Sidonie a plus d'un amant
Sidonie a plus d'un amant
C'est une chose bien connue
Qu'elle avoue elle fièrement
Sidonie a plus d'un amant
Parce que pour elle être nue
Est son plus charmant vêtement
C'est une chose bien connue
Sidonie a plus d'un amant
Elle en prend à ses cheveux blonds
Comme à sa toile l'araignée
Prend les mouches et les frelons
Elle en prend à ses cheveux blonds
Vers sa prunelle ensoleillée
Ils volent pauvres papillons
Comme à sa toile l'araignée
Elle en prend à ses cheveux blonds
Elle les mène par le nez
Comme fait dit-on le crotale
Des oiseaux qu'il a fascinés
Elle les mène par le nez
Quand dans une moue elle étale
Sa langue à l'allure étonnée
Comme fait dit-on le crotale
Elle les mène par le nez
Elle en attrape avec les dents
Quand le rire entrouvre sa bouche
Et dévore les imprudents
Elle en attrape avec les dents
Sa bouche quand elle se couche
Reste rose et ses dents dedans
Quand le rire entrouvre sa bouche
Elle en attrape avec les dents
Sidonie a plus d'un amant
Qu'on le lui reproche ou l'en loue
Elle s'en moque également
Sidonie a plus d'un amant
Aussi jusqu'à ce qu'on la cloue
Au sapin de l'enterrement
Qu'on le lui reproche ou l'en loue
Sidonie aura plus d'un amant
Charles CROS in Le Coffret de santal
Le poème chanté par Brigitte Bardot. La musique est de Y.Spanos et Jean-Marie Rivière. (1962)
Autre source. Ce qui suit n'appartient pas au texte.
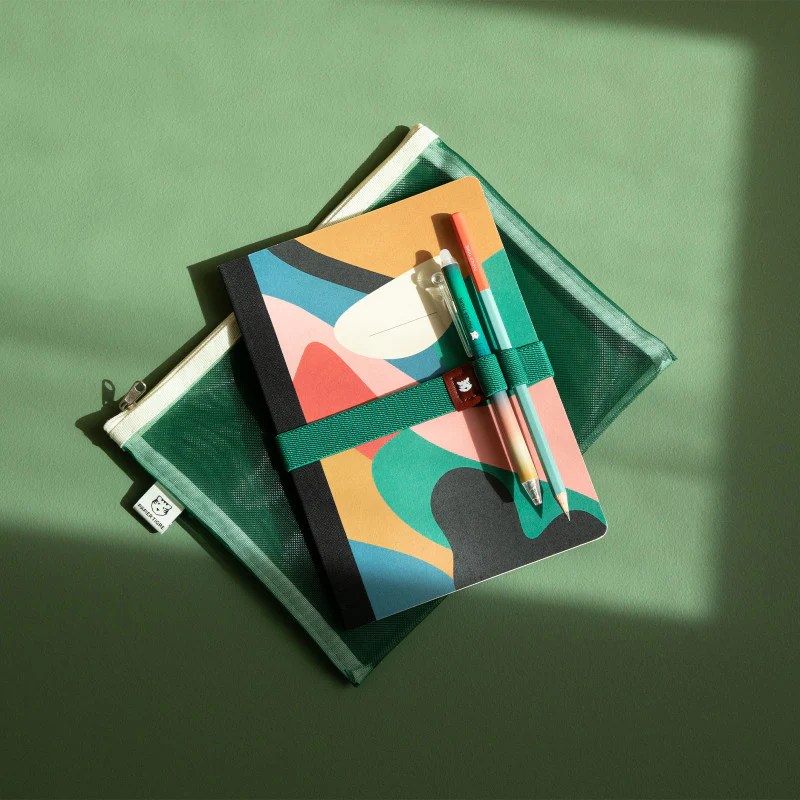 Papier Tigre The Traveler - Dublin (Notebook Strap with Pen Holder) - Image 4
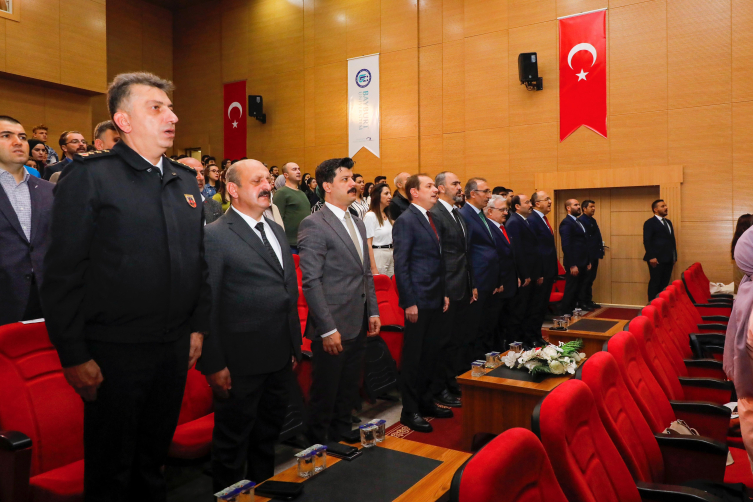 "Dede Korkut Bilim, Kültür, Sanat ve Spor Ödülleri" sahiplerini buldu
Alphonse Allais reste le plus fidèle défenseur de la mémoire de son ami. Il l'aimait.
Lors d’un éloge funèbre qu’il lui consacre dans le cabaret Le Chat noir le 18 août 1888, il dit :
“Notre pauvre ami Charles Cros est mort. Le connaissant bien, je l’aimais beaucoup, et, quoique le sachant malade et affaibli depuis longtemps j’ai été douloureusement stupéfié de sa mort si brusque.
Pauvre Cros ! Je le revois encore le jour où je le rencontrai la première fois. C’était, si je ne me trompe, en 76… J’avais lu dans Le Rappel une chronique scientifique de Victor Meunier, qui semblait un conte de fées.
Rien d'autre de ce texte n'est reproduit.